Web crawler data sources download data from public web pages. Starting from a designated source page, they download each page they can find, and any pages or documents linked from that page. You can add regular expressions to control which pages are included or excluded from the web crawl.
Regular expressions are a method of defining flexible patterns to be searched in text. If you're not familiar with regular expressions, you can learn more from this quickstart guide. Keep your regular expressions simple: look-ahead expressions and extensive backtracking are not supported.
You can add:
- Up to ten source URLs where the web crawler will begin downloading.
You can configure whether or not the crawler should include subdomains when crawling.
Pages that are not in these domains will not be downloaded.
If you want to download a specific page from another domain, you can add an inclusion pattern for that page. - Up to 25 regular expression patterns of URLs to exclude.
URLs that match these patterns will not be downloaded.
If you want to download a specific page that matches your exclusion patterns, you can add an inclusion pattern for that page. - Up to 25 regular expression patterns of URLs to include.
URLs that match these patterns will be downloaded, even if they also match an exclusion pattern or don't belong to your source URL domain.
You can also configure some limits to ensure your web crawler doesn't negatively impact the performance of the web page as it crawls:
- The maximum number of pages to visit.
This number must be higher than the number of source URLs you specify.
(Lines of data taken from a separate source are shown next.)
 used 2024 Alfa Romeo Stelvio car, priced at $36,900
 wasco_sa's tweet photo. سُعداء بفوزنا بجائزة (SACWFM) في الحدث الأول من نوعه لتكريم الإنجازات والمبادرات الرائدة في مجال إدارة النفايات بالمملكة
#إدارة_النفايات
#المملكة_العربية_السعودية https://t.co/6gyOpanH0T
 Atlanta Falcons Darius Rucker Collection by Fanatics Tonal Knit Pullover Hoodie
If you have selected to include subdomains, the maximum pages must be higher than the number of source URLs plus all their subdomains. - The number of pages the crawler should visit per minute.
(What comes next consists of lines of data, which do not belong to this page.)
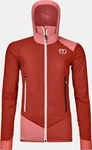 Ortovox 60013, ORTOVOX Damen Funktionsjacke SW COL BECCHEI HYBRID JKT W Orange female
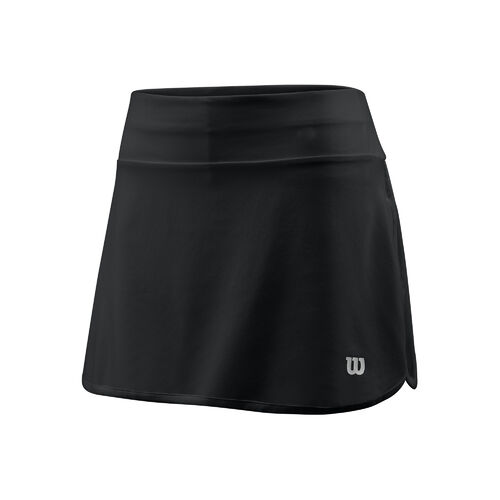 Wilson Training 12.5" Women's Skirt Black [Size: Small]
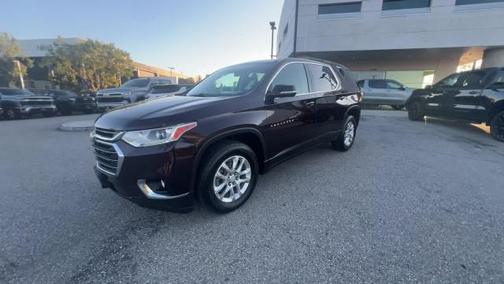 2021 Chevrolet Traverse LT Cloth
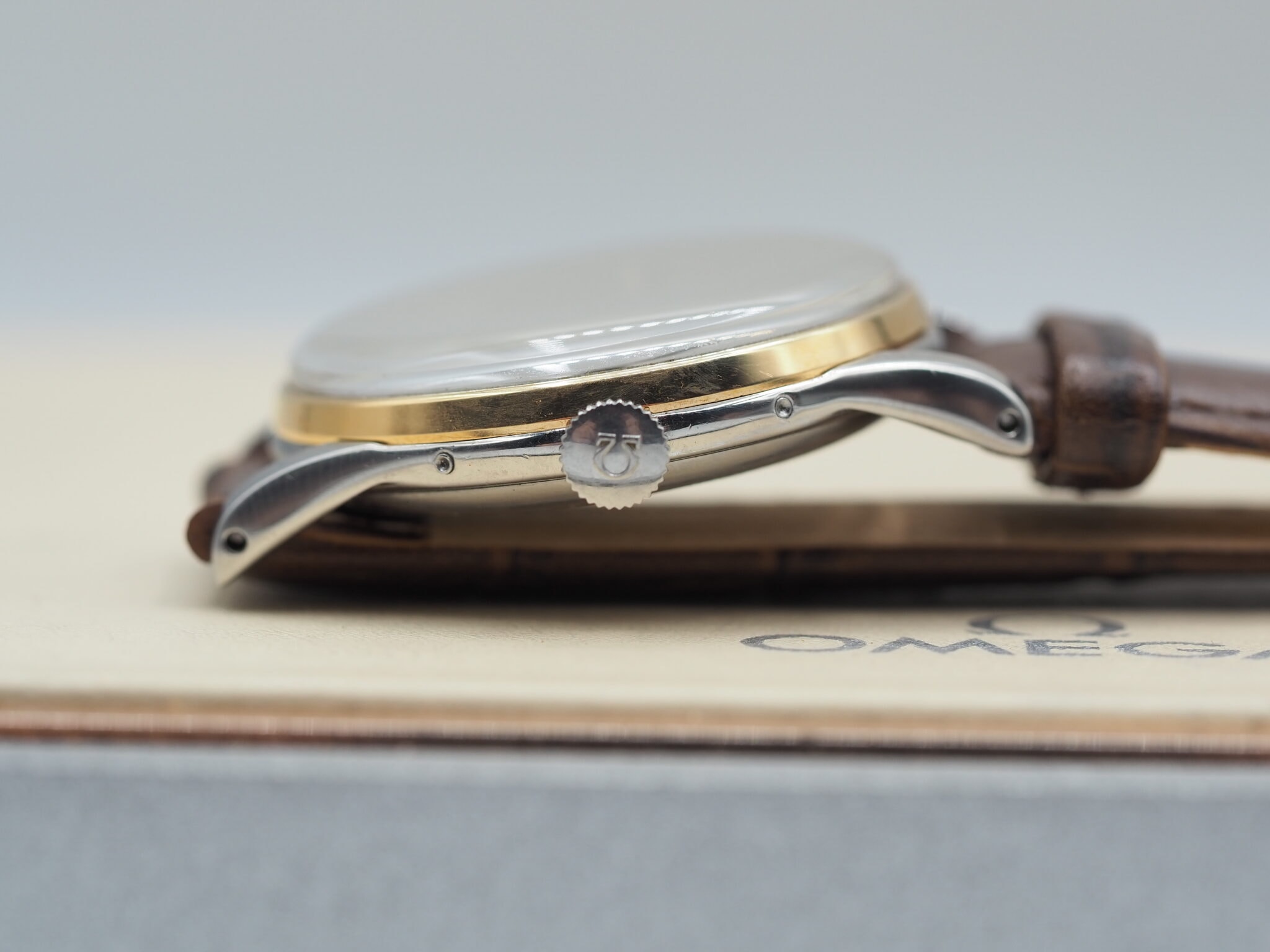 Omega Cosmic Triple Date Moonphase – Ref. 2471-2, Sehr gut – 8/17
Visiting a high number of pages per minute may be interpreted as a cyber attack by the web site you are crawling, which could result in the crawler being blocked from accessing the web site. Lower numbers have less impact on the web page but take longer to sync.
Configure a web crawler
To configure a web crawler:
- Click Manage > More in the left navigation, then click Knowledge Bases.
- Click the knowledge base of the data source you want to update.
- Click the name of the data source you want to configure.
- If you want to also crawl the subdomains of the source URLs, select Include Subdomains.
For example, if your source URL is example.com, including subdomains would also crawl info.example.com. - If you want to add additional source URLs, click + Source URL and type the URL in the new field.
You can add up to ten source URLs.
Pages that are not in these domains won't be crawled unless you add an inclusion pattern for them. - If you want to prevent some URLs from being crawled:
- Click + Exclusion Pattern.
- Type the regular expression to exclude.
Remember to use '' to escape special characters like '/' and '.'. You can use a platform like Regex101.com to test your regular expression.
You can add up to 25 regular expressions.
- If you want to ensure some URLs are crawled:
- Click + Inclusion Pattern.
- Type the regular expression to include.
Remember to use '' to escape special characters like '/' and '.'. You can use a platform like Regex101.com to test your regular expression.
You can add up to 25 regular expressions.
- If you want to configure the maximum number of pages crawled or the crawl speed:
- In the Data Source Config panel, expand Crawler Limits.
- Update the Max Pages you want the web crawler to visit.
This must be higher than the total number of source URLs you have added, including their subdomains if you've selected to include subdomains. - Update the Pages Crawled per Minute.
Use caution if increasing this number. Crawling too many pages per minute may result in the crawler being blocked from accessing the web site.
Use a lower number to reduce the performance impact on the web page. Crawling fewer pages per minute means the data source will take longer to sync.
- Click Save.